Das Fahren erforderte höchstes Geschick und wurde zur Schwerstarbeit für Körper und Geist. Die dauernde Konzentration übertrug sich auch auf den Beifahrer, der nicht schlafen konnte, obwohl die Müdigkeit ihn zermürbte. Da war die Gefahr, jeden Augenblick abzugleiten, zermalmt zu werden.
Man blieb wach, um rettend zur Stelle sein zu können, wenn das Erwartete eintrat. Wir wurden reizbar. Kleinigkeiten, die vorher keine Bedeutung hatten, waren plötzlich Anlass heftiger Streitereien, die uns jedoch schon nach wenigen Minuten wieder leidtaten. Wir kämpften gegen die wilde Natur, bekämpften uns mit dem sicheren Instinkt, nur durch Aufputschen aller Reserven durchhalten zu können. Kaffee und Zitrone, das Allheilmittel gegen den Schlaf, versagte, obwohl wir ihn immer stärker aufbrühen ließen. Alles versagte. Um uns. In uns. Wir wurden reduziert auf das, was man Lebenserhaltungstrieb nennt, auf den Kern unserer Existenz, den Menschen, der sich behaupten muss, weil die Angst vor der Vernichtung größer ist, als die Furcht vor den Gewalten.

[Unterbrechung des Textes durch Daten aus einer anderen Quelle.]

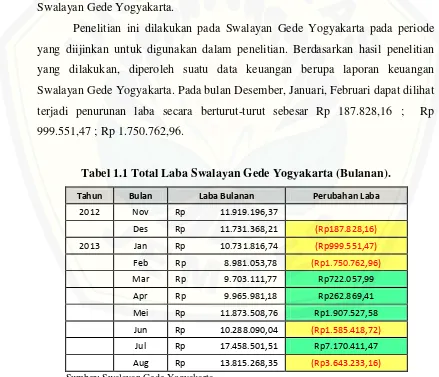 Tabel 1.1 Total Laba Swalayan Gede Yogyakarta (Bulanan). 
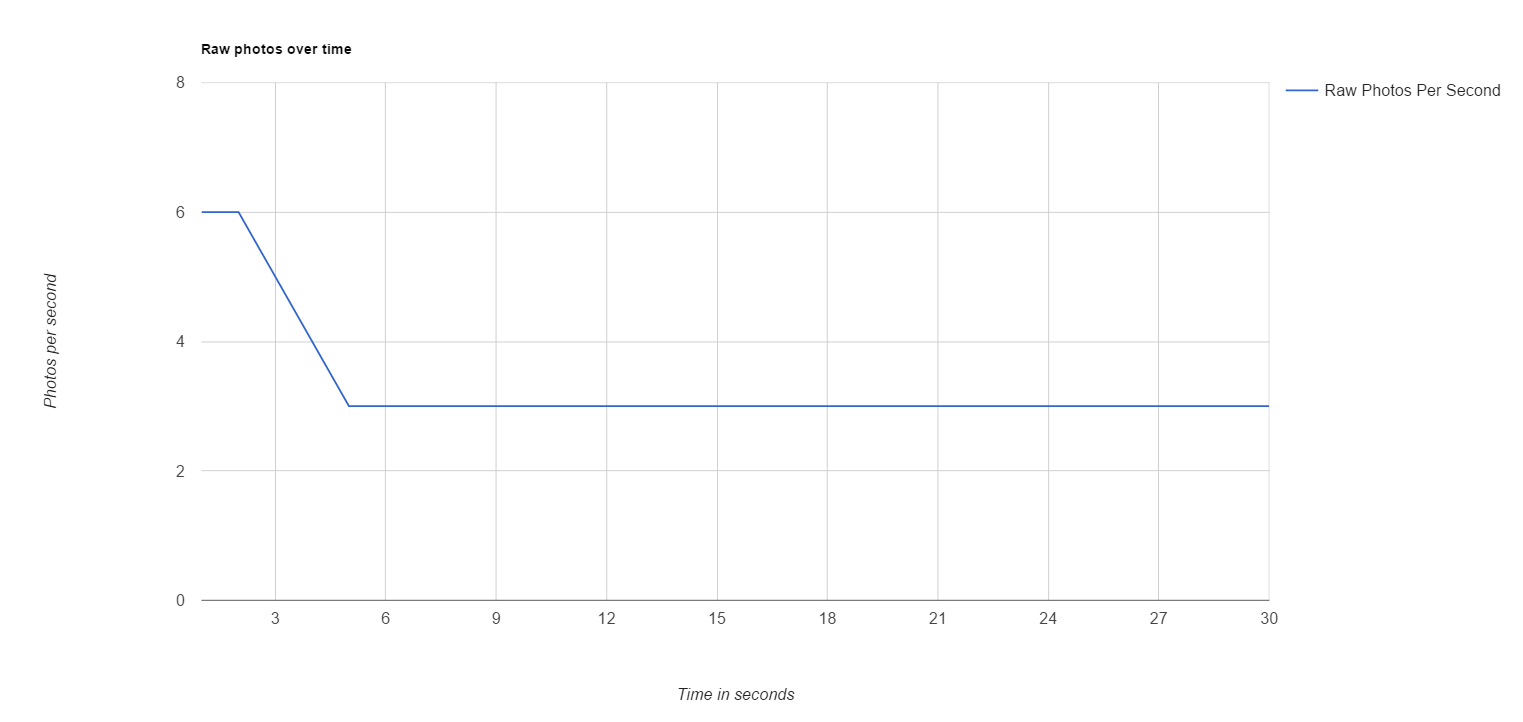 2017 03 15 17 26 26 Untitled spreadsheet Google Sheets - for some reason we don't have an alt tag here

Stunden um Stunden der starre Blick in die Unveränderlichkeit der Natur. Schnee, der wie aus Rutschen aus dem Himmel fällt und dem Auge keine Abwechslung bietet. Konzentration auf den winzigen Ausschnitt, der sich durch die Windschutzscheibe eher erahnen denn wahrnehmen lässt, immer die Erwartung im Bewusstsein, überrollt zu werden von den mächtigen Lastfahrzeugen, die wie vorsintflutliche Ungeheuer Breschen in das undurchsichtige Weiss schlagen. Am Anfang Schaudern, wenn man die Trümmer der Busse am Rande des Weges sieht, in denen die zerschlagenen Körper der Passagiere gesucht werden. Später nur der Stoßseufzer, noch nicht in ihrem Zustand, die Erleichterung, nicht selbst betroffen zu sein. Es ist wie Krieg: Kampf ums Überleben mit dem Willen, siegreich zu bleiben. Und doch, mit der Härte des Gegners wächst das Durchsetzungsvermögen,
steigert sich die Unbeugsamkeit. Nur nicht aufgeben, kämpfen, kämpfen ...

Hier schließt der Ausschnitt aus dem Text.